A highly versatile blank canvas, a shirtdress can take you from day to night and back. First gaining popularity in the '40s, this is a piece that should exist, in some incarnation, in the wardrobes of every style-conscious woman in 2011. I recommend the shirtdress to a lot of my Haute Closet clients, be it a specimen by The Row, as shown here, or something from American Apparel, DVF, vintage, or better. It can be forgiving, always feminine, and tough enough to stand up in a boardroom. Buying a well-made, high-quality basic like this one will prove its worth in no time. When I walked into Chalk and saw this piece from The Row’s Pre-Fall 2011 Collection, it was a gift for our collective all-season wardrobe and a god-send in the realm of basics. With its slightly flared skirt and exquisite tailoring, the garment has a delicious bit of stretch and a barely there sheen allowing it to transform seamlessly into the closets and onto the bodies of very different women.
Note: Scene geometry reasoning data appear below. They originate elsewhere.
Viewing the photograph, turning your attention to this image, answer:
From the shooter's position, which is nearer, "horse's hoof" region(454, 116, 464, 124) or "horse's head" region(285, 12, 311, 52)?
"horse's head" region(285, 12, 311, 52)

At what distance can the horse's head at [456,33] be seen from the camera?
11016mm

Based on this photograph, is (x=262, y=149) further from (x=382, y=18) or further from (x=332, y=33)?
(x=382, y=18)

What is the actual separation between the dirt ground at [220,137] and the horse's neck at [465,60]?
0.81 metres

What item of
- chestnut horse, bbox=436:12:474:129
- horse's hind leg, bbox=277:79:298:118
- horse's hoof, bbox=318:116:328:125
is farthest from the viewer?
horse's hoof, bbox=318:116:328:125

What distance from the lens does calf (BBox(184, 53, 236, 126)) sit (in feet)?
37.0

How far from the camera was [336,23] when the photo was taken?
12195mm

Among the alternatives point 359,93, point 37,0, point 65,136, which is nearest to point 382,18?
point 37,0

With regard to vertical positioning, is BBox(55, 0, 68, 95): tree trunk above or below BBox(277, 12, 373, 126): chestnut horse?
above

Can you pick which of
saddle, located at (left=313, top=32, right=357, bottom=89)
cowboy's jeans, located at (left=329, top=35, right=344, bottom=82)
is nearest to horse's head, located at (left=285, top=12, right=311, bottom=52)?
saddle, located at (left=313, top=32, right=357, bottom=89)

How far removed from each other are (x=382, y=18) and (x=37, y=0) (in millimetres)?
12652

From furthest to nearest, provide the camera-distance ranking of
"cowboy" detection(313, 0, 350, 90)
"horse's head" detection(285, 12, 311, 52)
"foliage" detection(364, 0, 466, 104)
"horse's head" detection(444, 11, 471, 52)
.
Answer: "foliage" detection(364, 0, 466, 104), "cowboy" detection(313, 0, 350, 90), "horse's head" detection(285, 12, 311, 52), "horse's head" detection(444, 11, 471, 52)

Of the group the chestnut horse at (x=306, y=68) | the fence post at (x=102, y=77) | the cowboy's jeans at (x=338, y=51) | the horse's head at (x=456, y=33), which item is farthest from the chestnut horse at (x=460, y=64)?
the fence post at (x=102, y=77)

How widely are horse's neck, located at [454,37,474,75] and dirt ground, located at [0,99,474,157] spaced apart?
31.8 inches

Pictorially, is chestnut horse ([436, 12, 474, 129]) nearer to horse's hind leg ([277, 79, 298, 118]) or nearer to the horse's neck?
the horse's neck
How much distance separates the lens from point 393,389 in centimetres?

You can wear just about every accessory in your closet with a shirtdress and a little creativity: The dress can be buttoned all the way up or all the way down, the belt can be of any material, the shoes can be substituted, the list goes on and on. The most important thing to remember when choosing a shirtdress is less is best. The perfect specimen will be devoid of extras like ruffles and attached belts and should always button all the way down. Prints are okay if it’s one that doesn’t need to be the center of attention. Essentially, and this is true for all basics, extra flourishes severely limit your options for transforming a piece. Additionally, when choosing a basic like a shirtdress, always keep these three things in mind (especially if you’re on a limited budget!):
1. Quality: Don’t buy basics in bad (read: unbreathable or impossibly delicate) fabrics and make sure seams and buttons are well-sewn. Be sure the garment is easy to care for; otherwise, your newly beloved will be on its way to the trash can faster than designer ripoffs hit the floor.
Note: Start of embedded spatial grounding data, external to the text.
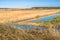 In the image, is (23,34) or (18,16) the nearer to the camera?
(23,34)

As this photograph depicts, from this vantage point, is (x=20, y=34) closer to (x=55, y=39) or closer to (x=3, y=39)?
(x=3, y=39)

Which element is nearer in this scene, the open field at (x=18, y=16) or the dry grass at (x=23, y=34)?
the dry grass at (x=23, y=34)

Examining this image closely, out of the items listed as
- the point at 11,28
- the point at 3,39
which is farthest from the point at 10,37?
the point at 11,28

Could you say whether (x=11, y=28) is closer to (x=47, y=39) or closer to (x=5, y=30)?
(x=5, y=30)

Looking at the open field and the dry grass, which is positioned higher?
the dry grass

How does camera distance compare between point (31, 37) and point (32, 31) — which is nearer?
point (31, 37)

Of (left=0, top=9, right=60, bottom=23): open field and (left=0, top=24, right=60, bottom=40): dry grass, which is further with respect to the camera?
(left=0, top=9, right=60, bottom=23): open field

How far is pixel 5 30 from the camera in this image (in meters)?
9.30

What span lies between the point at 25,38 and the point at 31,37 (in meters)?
0.30

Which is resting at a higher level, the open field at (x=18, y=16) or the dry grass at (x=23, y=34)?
the dry grass at (x=23, y=34)

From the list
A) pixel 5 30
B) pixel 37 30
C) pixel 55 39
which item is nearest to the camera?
pixel 5 30

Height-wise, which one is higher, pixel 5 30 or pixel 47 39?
pixel 5 30

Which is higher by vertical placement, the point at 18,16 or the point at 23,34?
the point at 23,34

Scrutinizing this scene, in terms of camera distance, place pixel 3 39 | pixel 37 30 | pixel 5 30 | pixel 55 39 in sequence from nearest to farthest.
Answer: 1. pixel 3 39
2. pixel 5 30
3. pixel 55 39
4. pixel 37 30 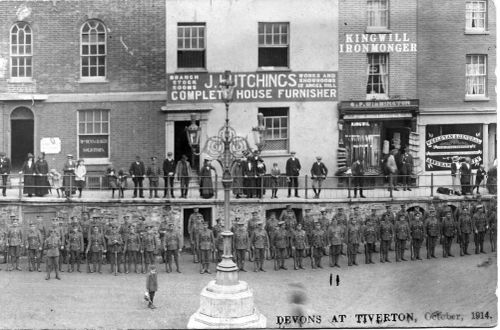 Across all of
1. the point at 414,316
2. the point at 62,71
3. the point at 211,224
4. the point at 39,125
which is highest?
the point at 62,71

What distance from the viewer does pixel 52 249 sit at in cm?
1689

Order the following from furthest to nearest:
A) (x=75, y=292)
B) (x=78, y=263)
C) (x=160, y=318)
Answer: (x=78, y=263)
(x=75, y=292)
(x=160, y=318)

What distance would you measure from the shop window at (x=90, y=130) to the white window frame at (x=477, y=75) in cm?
824

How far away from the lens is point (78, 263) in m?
17.4

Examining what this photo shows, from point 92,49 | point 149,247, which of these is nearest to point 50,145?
point 92,49

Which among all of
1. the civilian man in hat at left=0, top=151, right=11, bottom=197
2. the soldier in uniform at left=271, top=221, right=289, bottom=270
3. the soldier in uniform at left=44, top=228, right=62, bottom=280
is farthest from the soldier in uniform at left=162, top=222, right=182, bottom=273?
the civilian man in hat at left=0, top=151, right=11, bottom=197

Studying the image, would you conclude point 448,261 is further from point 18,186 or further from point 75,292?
point 18,186

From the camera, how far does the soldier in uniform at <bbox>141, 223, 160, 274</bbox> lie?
1747 centimetres

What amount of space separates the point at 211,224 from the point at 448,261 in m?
5.77

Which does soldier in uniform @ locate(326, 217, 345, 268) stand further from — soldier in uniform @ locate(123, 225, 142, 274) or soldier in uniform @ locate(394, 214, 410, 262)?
soldier in uniform @ locate(123, 225, 142, 274)

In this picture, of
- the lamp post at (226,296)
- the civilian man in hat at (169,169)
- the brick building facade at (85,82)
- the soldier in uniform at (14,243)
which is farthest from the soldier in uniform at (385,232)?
the soldier in uniform at (14,243)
2. Fit: Every basic you buy should fit like it was made for you; not uncomfortable, not too tight, not too fussy. There are so many options out there, so you shouldn’t buy anything that doesn’t make you feel like a bombshell when you slip it on. Fit is the secret to every successful look. Don't go blindly into buying—the fit is your friend and so is the mirror, if not the salesperson…
3. Application: If you’ve followed the tips above, you’ve already sunk time into your purchase, so make sure it’s worth it! A new basic should be able to work with multiple pieces already in your closet.